Google Targeting Ads Based on Previous Queries
Reuters reports from a briefing for journalists at the Googleplex, where Google’s Susan Wojcicki (pictured) talked about how Google is a bit wary to use behavioral targeting... that is, to deliver ads based on a deep user profile aggregated over time (and potentially, through different services). Instead, Google prefers targeting ads to the “task” at hand – the current search query. But Google is now also playing with targeting ads based on immediately previously entered queries (the “search session”):
Google has been testing for several weeks a new advertising feature that delivers ads based not simply on a specific search term, but also on the immediately previous search, [Susan Wojcicki] said.
A user who types “Italy vacation” into a Google search box might see ads about Tuscany or cheap flights to Europe. Were the same user to subsequently search for “weather,” Google will assume there is a link between “Italy vacation” and “weather” and deliver ads tied to local weather conditions in Italy.

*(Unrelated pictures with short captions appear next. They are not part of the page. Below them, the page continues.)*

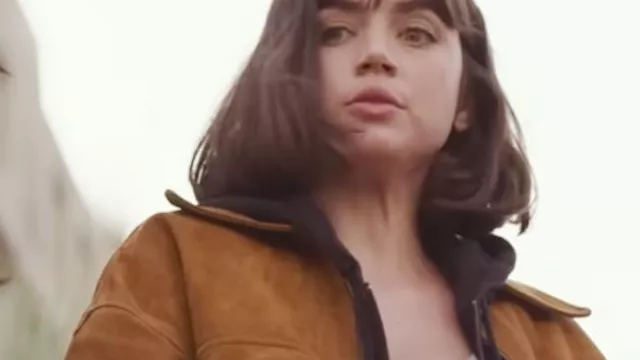 Chaqueta Bomber de ante que lleva Dani Miranda (Ana de Armas) en el vestuario de la película El hombre gris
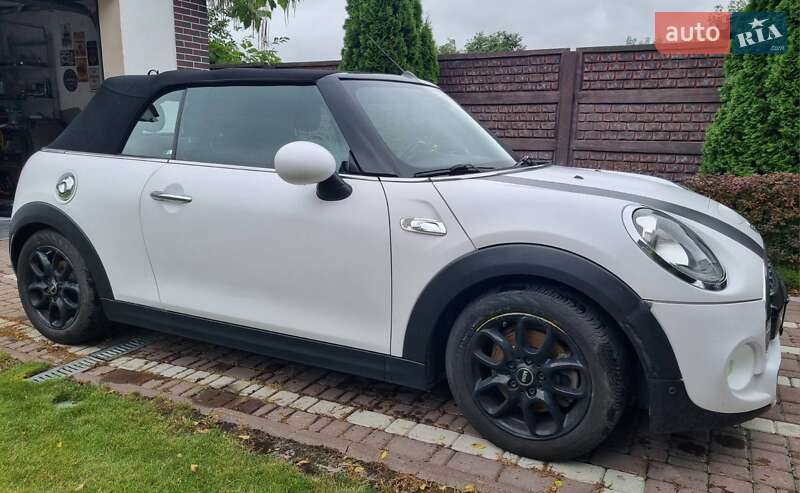 Хэтчбек MINI Cooper 2016 в Ирпене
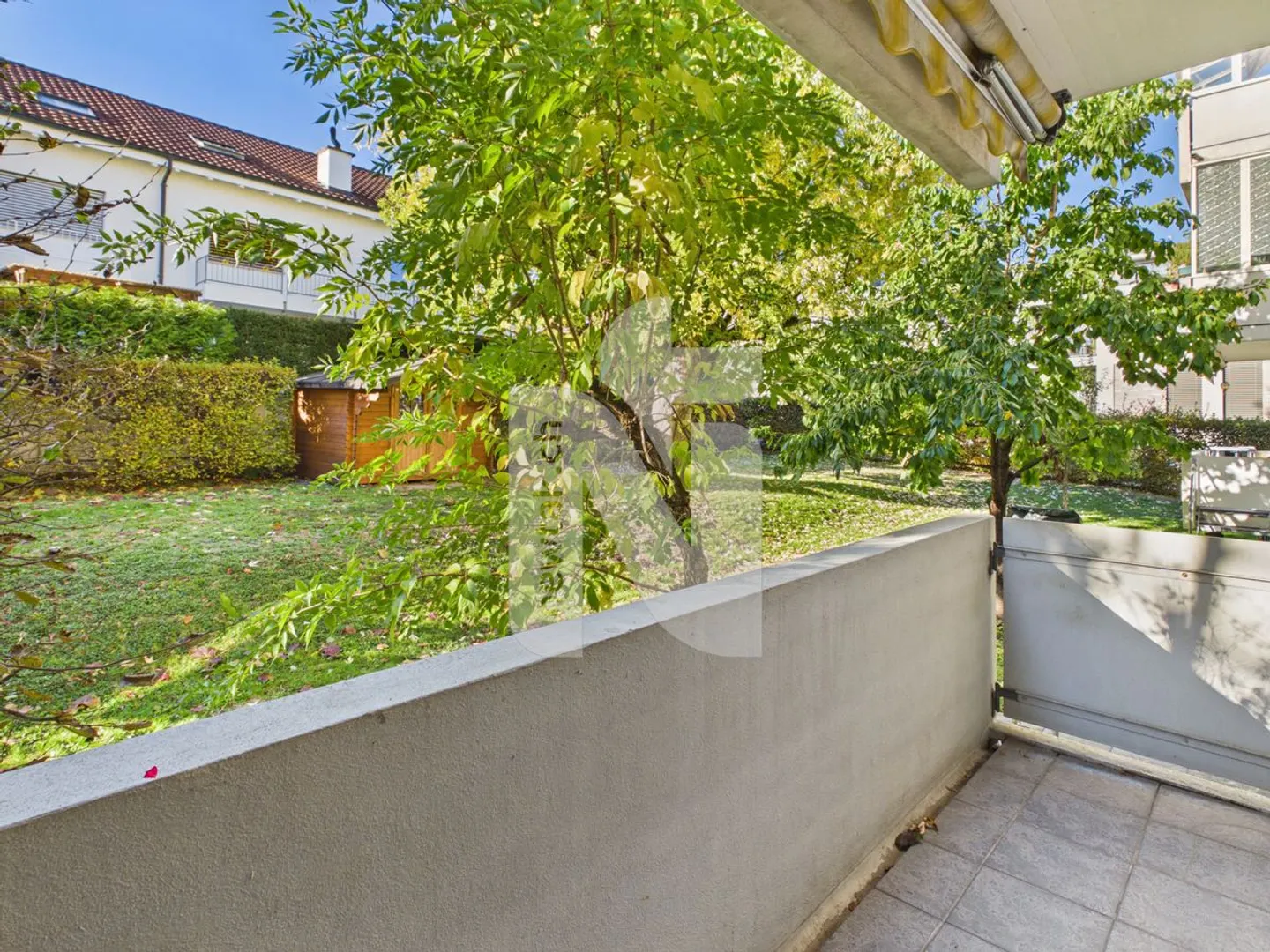 Appartement 5.5 pièces avec accès au jardin et garage privé - Photo 2 sur 12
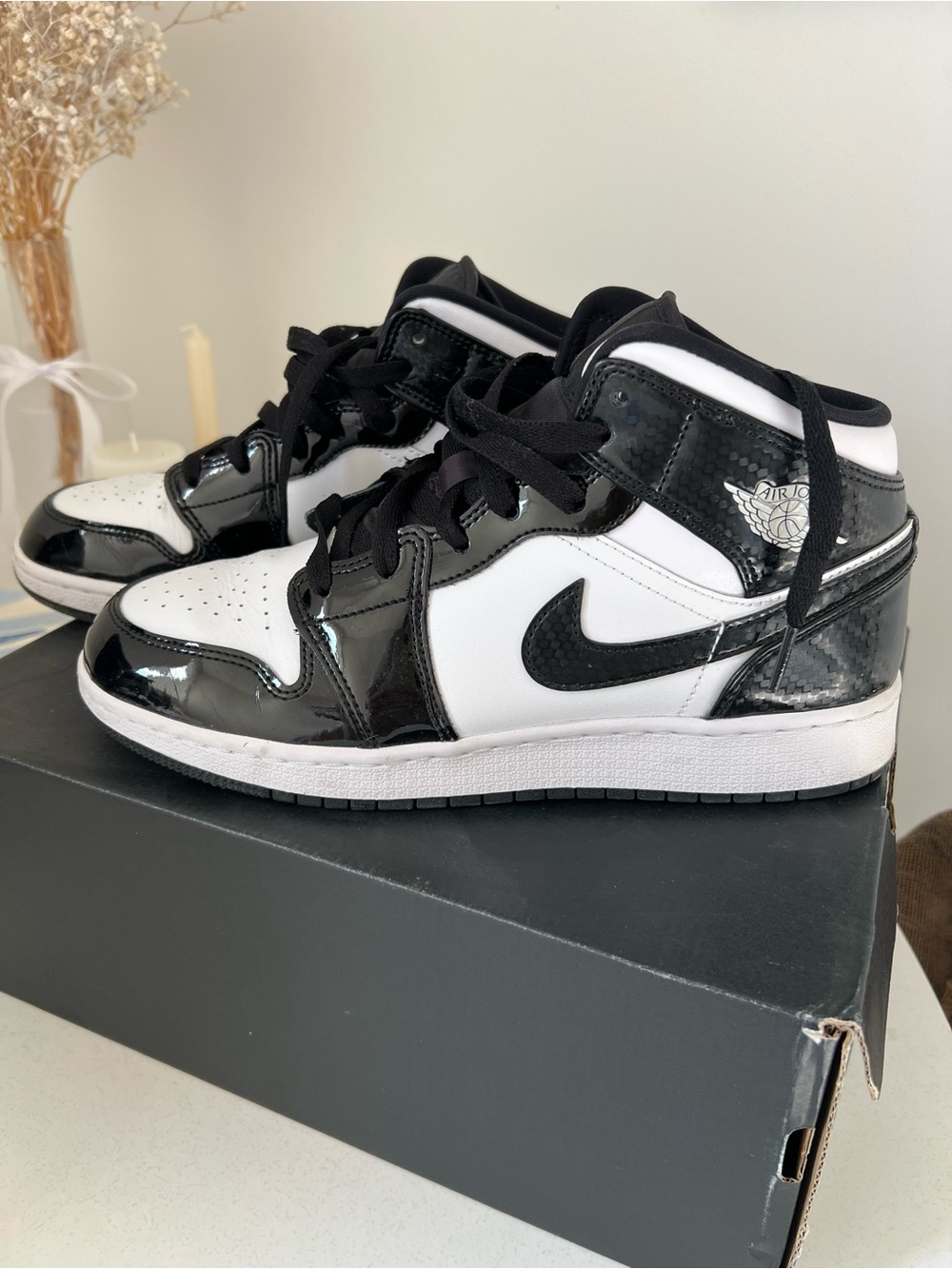 Air Jordan 1 Mid SE All-Star Carbon Fiber (GS)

Google is “very careful” about traditional behavioral targeting, though. According to Susan, “Nothing is stored, nothing is remembered. It all happens within that session.” (Not sure about the “nothing is stored” bit when you enabled web history...)
Interestingly enough, some of the problems Google points out in relation to behavioral targeting of ads also apply to personalization of search results (something which Google emphasized they believe in):
Wojcicki highlighted the problem of a user searching “video games.” Advertisers might be wrong to assume the searcher was a gamer and not, say, a grandmother, looking for a gift for her grandson, she noted.
This is a good example of why personalization, at least in the form of “user looks at A a lot, A is related to B, let’s show more of B”, can be counter-productive. Then again, some of us recently wondered if Google perhaps partially employs a different personalization strategy: “user looks at A a lot, C is unrelated to A, let’s show more of C as that’s not what the user likely knows anyway.”
I wonder, with that massive amount of ads + searches Google has, if there’s some merit in allowing the software to figure it out for itself... evolutionary algorithms, self-learning style. Search sessions are automatically grouped into general patterns, and then random ads are presented, and when an ad performs well, more ads from that ad segment will be displayed next time, and so on, causing a “survival of the fittest ad” environment. Then when Google meets the press in 2012, they can tell the journalists, “We don’t have a clue anymore how our ads work, but click-throughs are higher than ever.”